The paper also states an interesting improvement on priors for α and 1/β based on the prior knowledge about the tasks and the contributors. For example, when we know the contributors are generally good, we make the prior probability for α to be very low for negative value.
For this experiment, we adapted our input data to work with an open source implementation of GLAD. To analyse the data, we computed the accuracy of a majority vote of a subset of analysts with respect to the majority vote for the full set of analysts. We selected the subset using three methods:
- Use a subset of the answers from the contributors with highest α
- Use a subset of the answers from the contributors with lowest α
- Use a random subset of the answers
Figure 3 shows the ratios of the answers, and confirms that for the task of assessing the 200 headlines we derived close to the same level of majority vote when selecting a far smaller group from our original 20 contributors.

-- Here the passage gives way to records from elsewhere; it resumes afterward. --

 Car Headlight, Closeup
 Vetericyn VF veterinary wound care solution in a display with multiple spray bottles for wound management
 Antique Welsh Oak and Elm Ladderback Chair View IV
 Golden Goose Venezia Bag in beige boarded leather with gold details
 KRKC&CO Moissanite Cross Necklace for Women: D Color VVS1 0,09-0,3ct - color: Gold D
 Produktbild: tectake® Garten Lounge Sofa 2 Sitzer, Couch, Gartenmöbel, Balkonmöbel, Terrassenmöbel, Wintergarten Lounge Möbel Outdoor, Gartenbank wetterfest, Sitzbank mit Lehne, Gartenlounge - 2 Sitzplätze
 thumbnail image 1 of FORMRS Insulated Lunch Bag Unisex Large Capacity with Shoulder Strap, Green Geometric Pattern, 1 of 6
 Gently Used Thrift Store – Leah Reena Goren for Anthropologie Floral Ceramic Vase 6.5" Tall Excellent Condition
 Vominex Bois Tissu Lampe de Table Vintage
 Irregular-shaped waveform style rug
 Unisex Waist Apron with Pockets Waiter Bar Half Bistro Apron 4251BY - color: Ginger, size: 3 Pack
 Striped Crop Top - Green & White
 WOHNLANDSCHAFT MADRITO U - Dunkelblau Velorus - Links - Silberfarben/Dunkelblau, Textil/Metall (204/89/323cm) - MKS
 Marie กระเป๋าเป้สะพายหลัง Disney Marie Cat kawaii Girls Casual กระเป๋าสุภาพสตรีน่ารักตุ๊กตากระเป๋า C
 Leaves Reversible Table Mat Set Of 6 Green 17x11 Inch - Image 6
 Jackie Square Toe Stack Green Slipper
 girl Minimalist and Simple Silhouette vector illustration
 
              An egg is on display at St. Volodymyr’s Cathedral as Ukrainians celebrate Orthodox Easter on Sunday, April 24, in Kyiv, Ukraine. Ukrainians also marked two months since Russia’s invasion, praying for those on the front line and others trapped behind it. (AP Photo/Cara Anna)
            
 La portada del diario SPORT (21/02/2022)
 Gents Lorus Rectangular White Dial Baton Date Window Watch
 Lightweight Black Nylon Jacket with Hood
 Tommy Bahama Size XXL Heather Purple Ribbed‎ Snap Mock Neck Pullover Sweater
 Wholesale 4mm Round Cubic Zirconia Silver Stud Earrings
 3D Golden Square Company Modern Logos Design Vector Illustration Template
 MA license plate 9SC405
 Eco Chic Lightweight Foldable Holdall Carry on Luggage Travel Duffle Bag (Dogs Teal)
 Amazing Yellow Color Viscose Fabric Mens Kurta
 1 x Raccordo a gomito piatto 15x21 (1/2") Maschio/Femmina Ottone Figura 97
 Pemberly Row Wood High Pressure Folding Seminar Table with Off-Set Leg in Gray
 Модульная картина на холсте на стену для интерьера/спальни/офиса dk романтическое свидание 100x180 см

Overall, the graph shows that when using 10 contributors instead of 20, we can produce the same majority for 85% of the tasks. Moreover, this value is as high as 80% when we ask just those four contributors with the highest accuracy scores generated by GLAD. When using nearer to 20 contributors, the method does not provide a clear distinction between those contributors with high or low scores. It might be the case that with only a small number of bad contributors, there would be little discernible effect.
Divide and Rule
The general idea of the strategy was to divide the analysts into two groups on the Hivemind platform with user-defined contributor qualifications: METAPHOR-GOOD and METAPHOR-AVERAGE. Following a method proposed by Welinder and Perona at the California Institute of Technology to prioritise the best annotators for labelling, we then sent tasks to the Hivemind platform in batches of n (e.g. 1,000) tasks. For accuracy, we require m answers for each task.
Contributors with good scores have permission to work on all the tasks; those with lower scores can work on only p% (e.g. 20%) of the tasks. These parameters were controlled by the Hivemind platform’s task qualifications. After each batch of n tasks, we used the GLAD algorithm to recalculate the analyst accuracy scores and the tasks’ results. Based on the updated analyst accuracy scores, we reassign q% (e.g. 15%) of those with lower scores to the METAPHOR-AVERAGE group, and the rest to METAPHOR-GOOD group.
The Hivemind platform’s API makes it trivial to manage the process of sending the tasks and getting back the answers. Figure 4 below shows one way of creating a task with only a few lines of code.
The current algorithm is mainly based on the contributor accuracies generated by the GLAD algorithm and it has much scope for further research and improvement.
Another direction for research is to design an algorithm for other types of tasks including non-metaphor tasks and tasks with more than two outcomes.
Further analysis is also helpful for tasks for which we use Hivemind’s link to Amazon Mechanical Turk, a crowdsourcing platform that provides access to a much larger pool of anonymous contributors.